32. Stairway to Heaven
C'è un'autostrada che porta all'inferno, così come c'è una scalinata che porta in paradiso, o comunque da qualche parte molto in alto. Di ciò ora siamo certi, ma non per tutti la divisione tra le mete è così ovvia.
Quella mattina non era stata così diversa dalle altre. Sarebbe molto poetico dire che tutti avevano sentito sul fondo dello stomaco una sensazione strana, ma sarebbe anche una menzogna. Quella mattina tutti si svegliarono e iniziarono a fare quello che ormai facevano da una settimana. Chi andò a controllare i generatori, chi andò a controllare che non ci fosse neve da spalare e chi andò ad appendere i turni delle docce alle porte di ogni cabina abitata. Quelle abbandonate avevano ormai mucchietti di neve spalata davanti e al limitare dei campi d'allenamento si potevano vedere le sagome di tanti pupazzi di neve fatti da tutti gli ospiti. Alcuni avevano le orecchie e uno era stato decorato con due pom-pom un po' afflosciati da neve e ghiaccio.

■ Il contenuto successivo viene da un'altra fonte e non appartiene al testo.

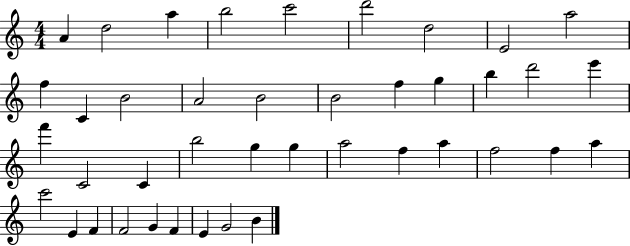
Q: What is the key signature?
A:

La notte era stata clemente, regalando solo una lieve spolverata di nevischio sul tetto degli edifici. Da due settimane il freddo teneva stretto nella sua morsa l'intero Paese ma, da quanto avevano saputo in molti dalle chiamate Iride con le famiglie, non era una cosa limitata ai soli Stati Uniti. Anche in Europa era calato il gelo mentre nell'altro emisfero uno strano caldo aveva riportato indietro l'estate di qualche mese. Sembrava che il mondo si fosse invertito e gli scienziati non riuscivano a spiegarsi il perché, quindi se non ci riuscivano loro non potevano farcela nemmeno dei semidei di nemmeno diciotto anni.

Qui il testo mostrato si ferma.